Telling Through Type: Typography and Narrative in Legal Briefs
36 Pages Posted: 29 Jul 2010
There are 2 versions of this paper
Telling Through Type: Typography and Narrative in Legal Briefs
Date Written: Fall 2010
Abstract
Most lawyers today self-publish, using the same word-processing software they use for composition, and letting their software’s default settings determine their documents’ typography. Those settings, however, are not optimized for legal writing. And lawyers who rely on software defaults, especially in documents submitted to courts, do so at their peril.

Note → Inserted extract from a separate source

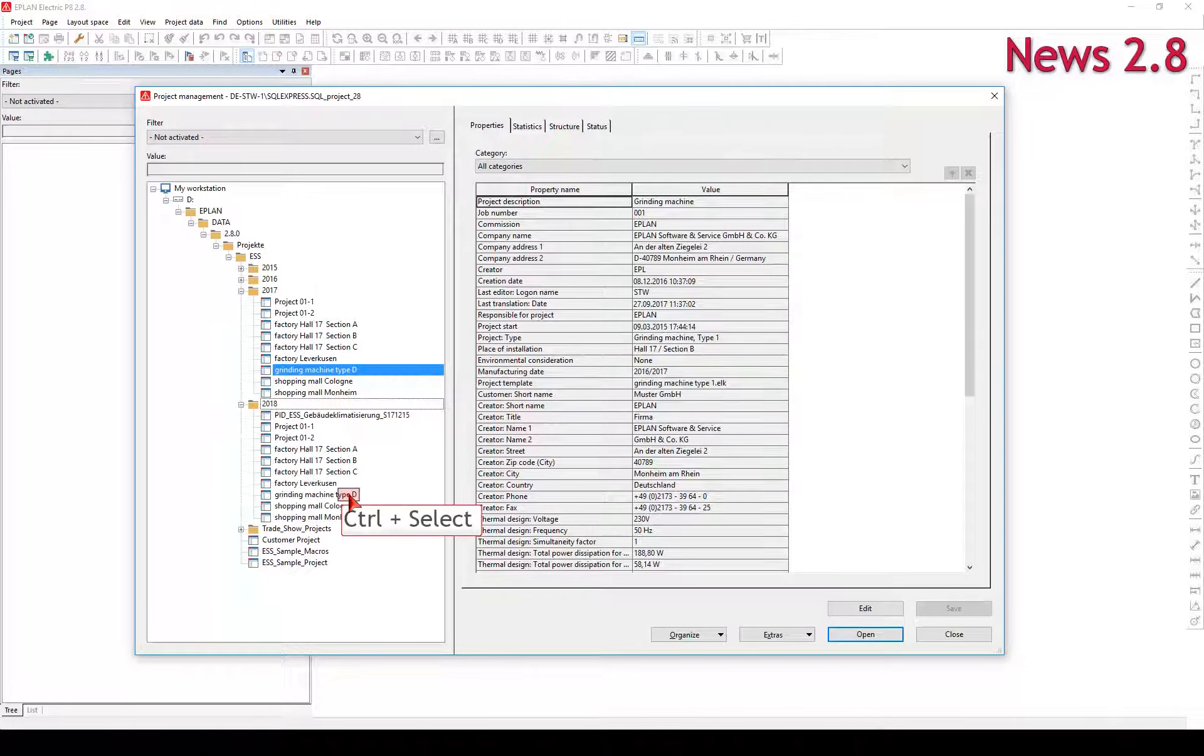The procedure shown in the video allows one or more projects to be opened simultaneously and edited directly in the page navigator. When working with several projects at the same time, you can quickly lose track of things, even more if the project contents are the same or similar.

This article explores one content-driven, context-specific way that typography might be used in legal briefs: to reinforce, complement, and independently create narrative meaning. Part I outlines those aspects of contemporary typography most germane to legal briefing. Part II offers six examples of how these principles might be used. The first few examples are “easy” cases - soft touches that are likely to be low risk, unlikely to offend, but mild in their potential impact - such as imitating Supreme Court typography or reflecting a law office’s brand identity through typeface choice. The next cases explore how, in ways perhaps more meaningful to authoring lawyers and their clients than to the judges who read their briefs, typography might further outsider narratives or reflect character and point of view. The fifth case suggests ways that typography might augment a brief’s narrative trajectory and help clothe a progressive legal argument in traditionalist clothing. The final example explores how typography might be used negatively (and perhaps inappropriately and unethically) to thwart an opposing party’s narrative goals and obscure the meaning of inconvenient facts and law.